***** Source data
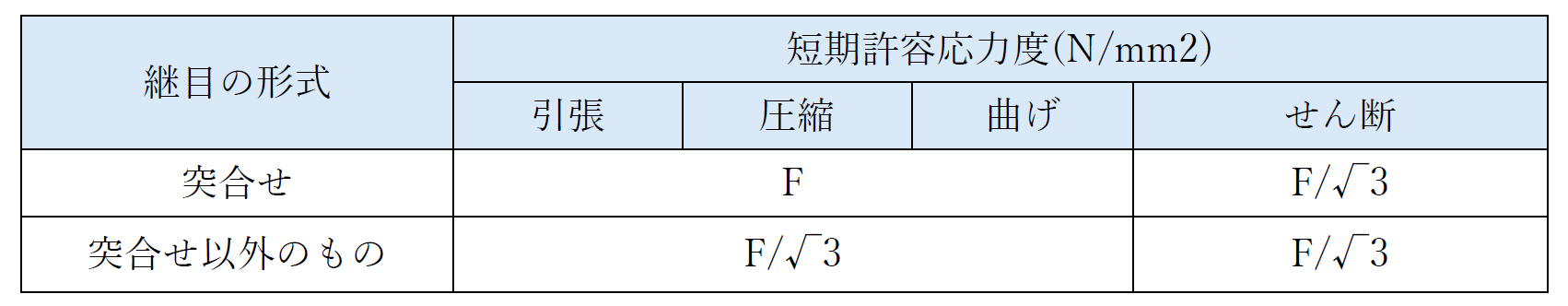 表　溶接部の許容応力度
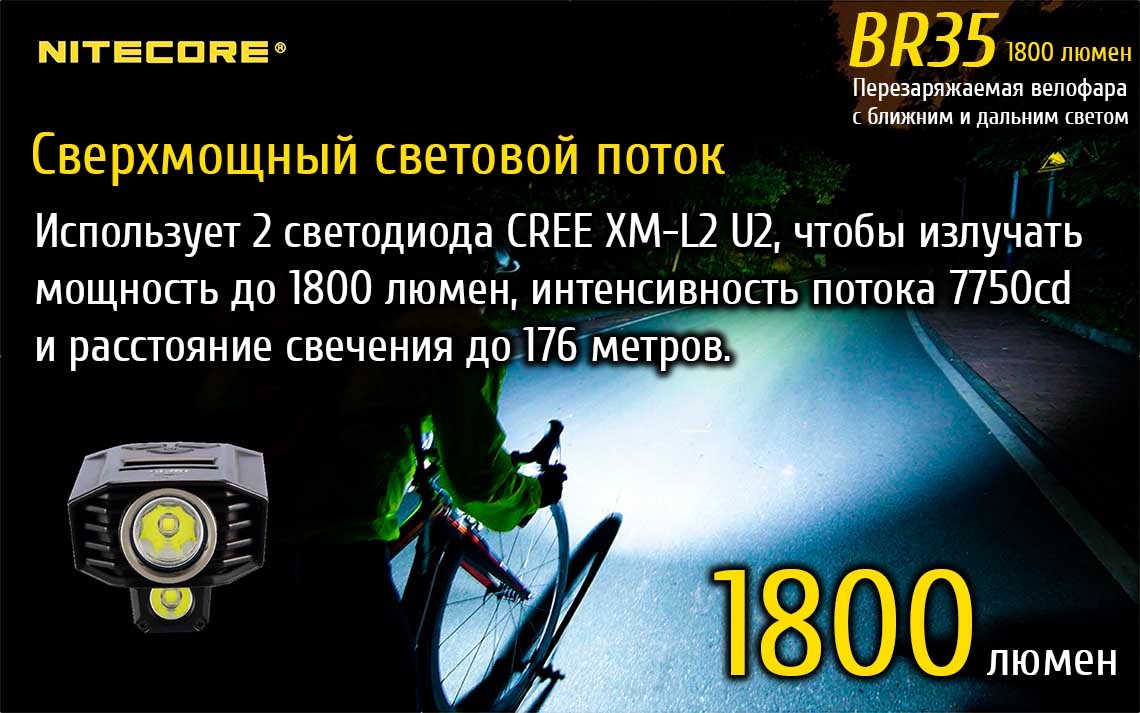 Обзор NITECORE BR35. Велосипедная фара с тремя режимами работы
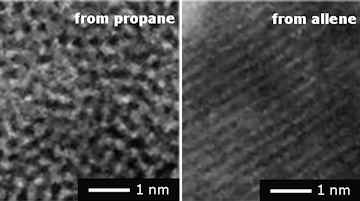 Pyrocarbon prepared from propane and allene.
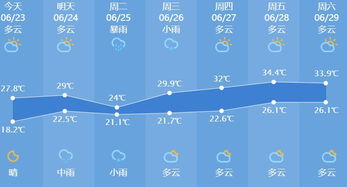 杭州未来40天天气预报查询，天气变化早知道，出行计划更从容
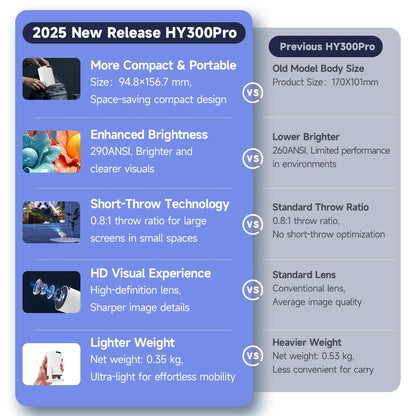 Indoor or Outdoor Home Cinema Projector HY300 Pro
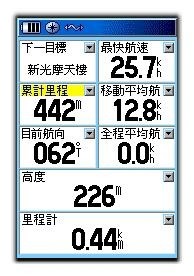 Навигационная информация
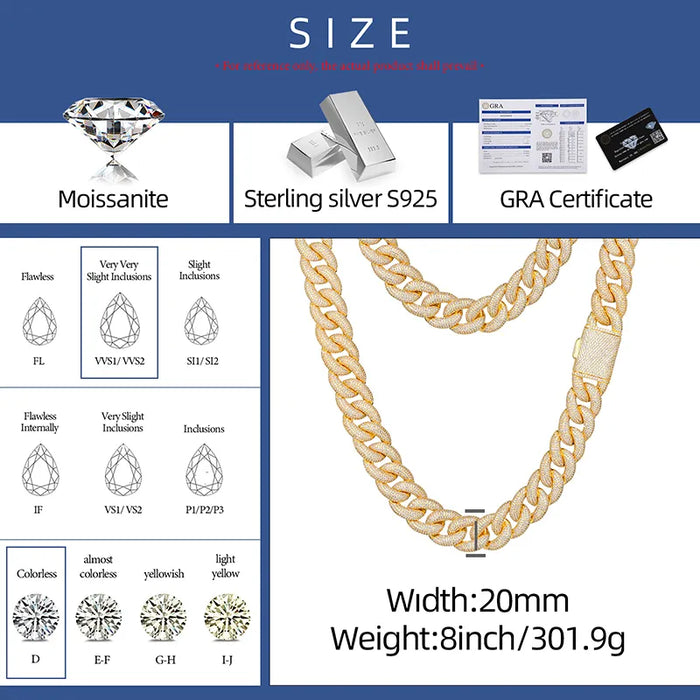 20mm S925 Moissanite Diamond Curb Cuban Chain - Different Drips
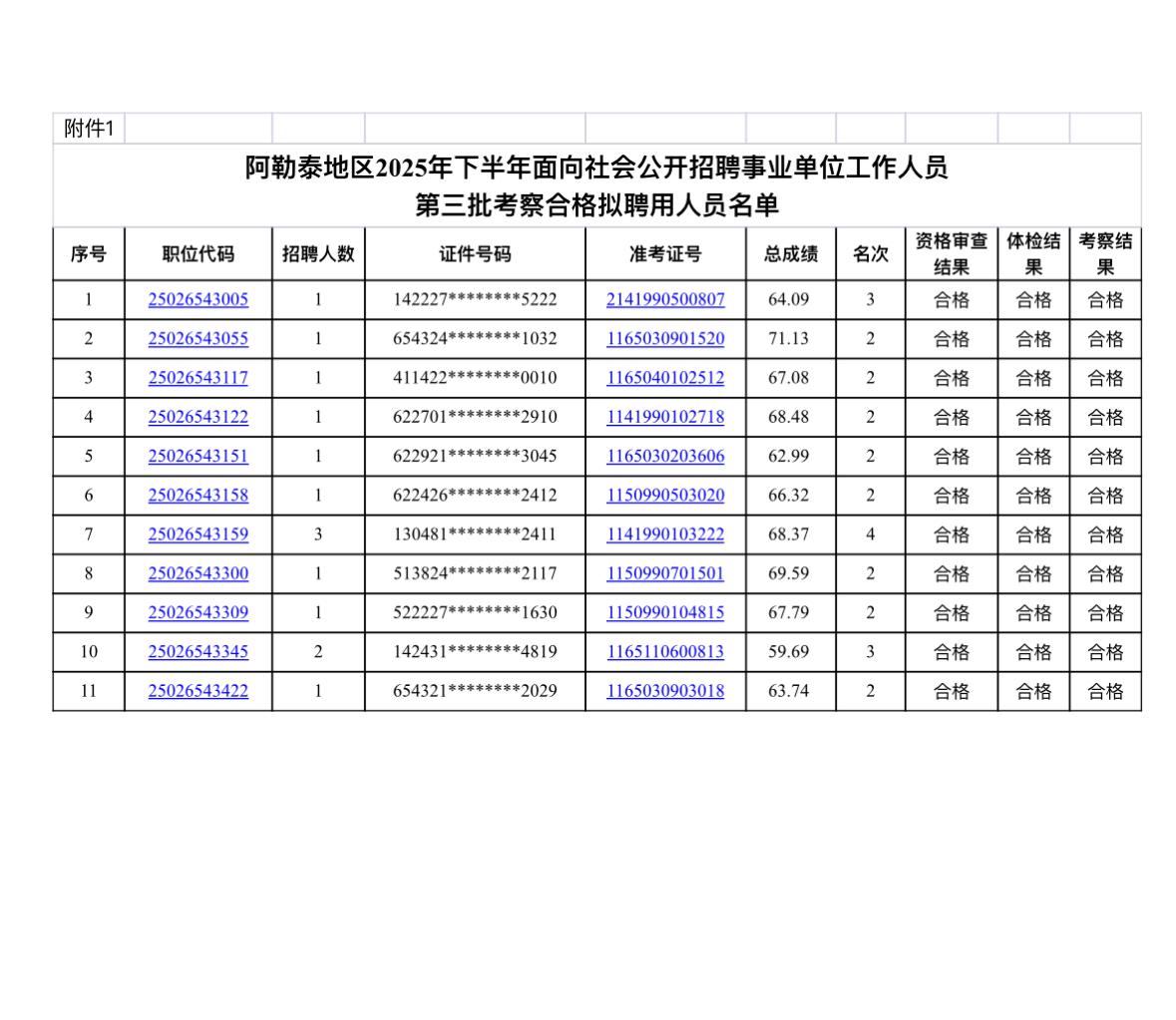 名单公示！阿勒泰事业单位拟聘用人员名单📌发布单位:阿勒泰地区人力资源和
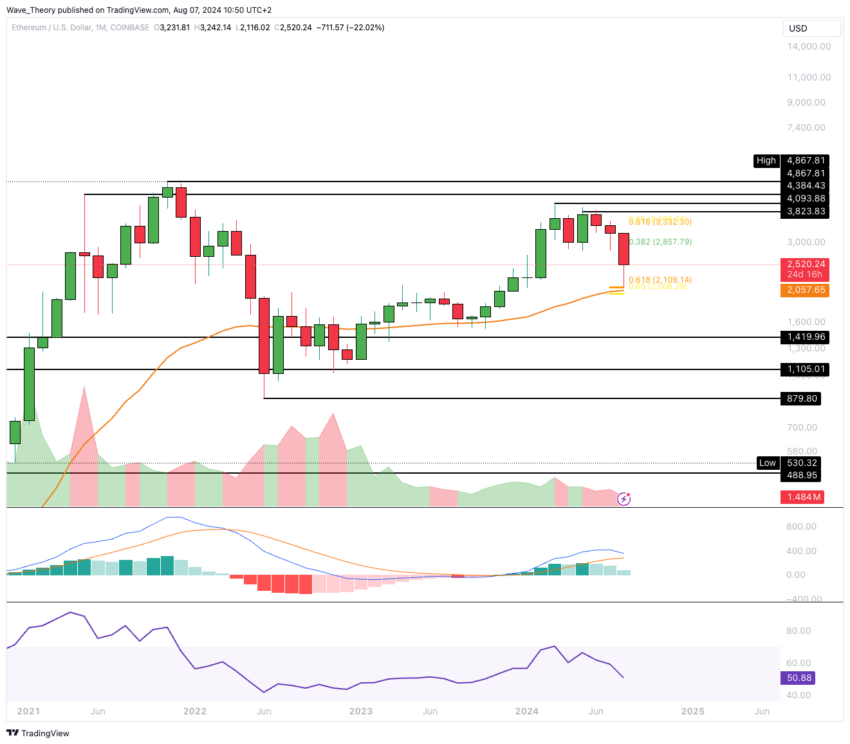 ETH Chart Analyse BeInCrypto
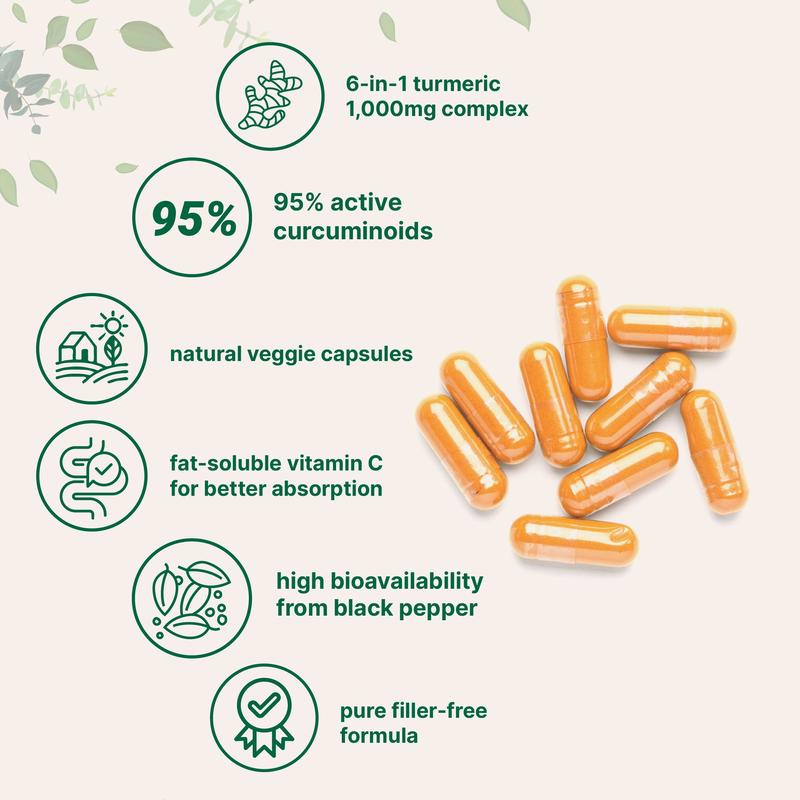 Revina™ 6-in-1 Turmeric Curcumin Complex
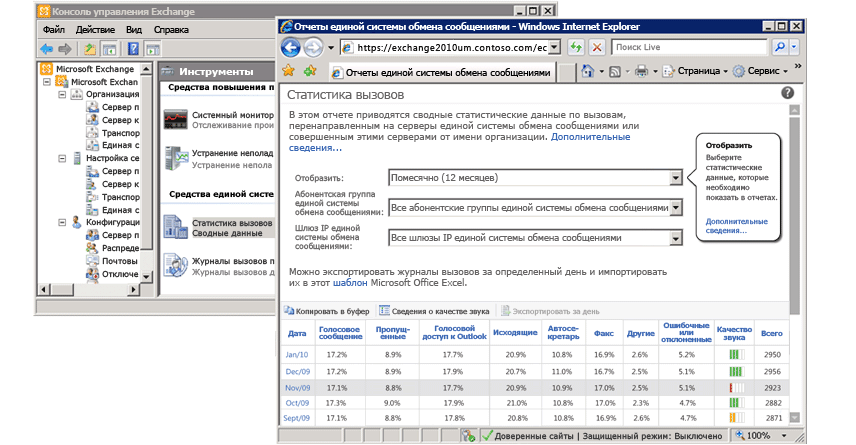 Отображение статистики звонков в панели управления Exchange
**********
Task statement> In your copy of the entries above, keep the text exact and leave out the pictures.

Exercise response>
 表　溶接部の許容応力度
 Обзор NITECORE BR35. Велосипедная фара с тремя режимами работы
 Pyrocarbon prepared from propane and allene.
 杭州未来40天天气预报查询，天气变化早知道，出行计划更从容
 Indoor or Outdoor Home Cinema Projector HY300 Pro
 Навигационная информация
 20mm S925 Moissanite Diamond Curb Cuban Chain - Different Drips
 名单公示！阿勒泰事业单位拟聘用人员名单📌发布单位:阿勒泰地区人力资源和
 ETH Chart Analyse BeInCrypto
 Revina™ 6-in-1 Turmeric Curcumin Complex
 Отображение статистики звонков в панели управления Exchange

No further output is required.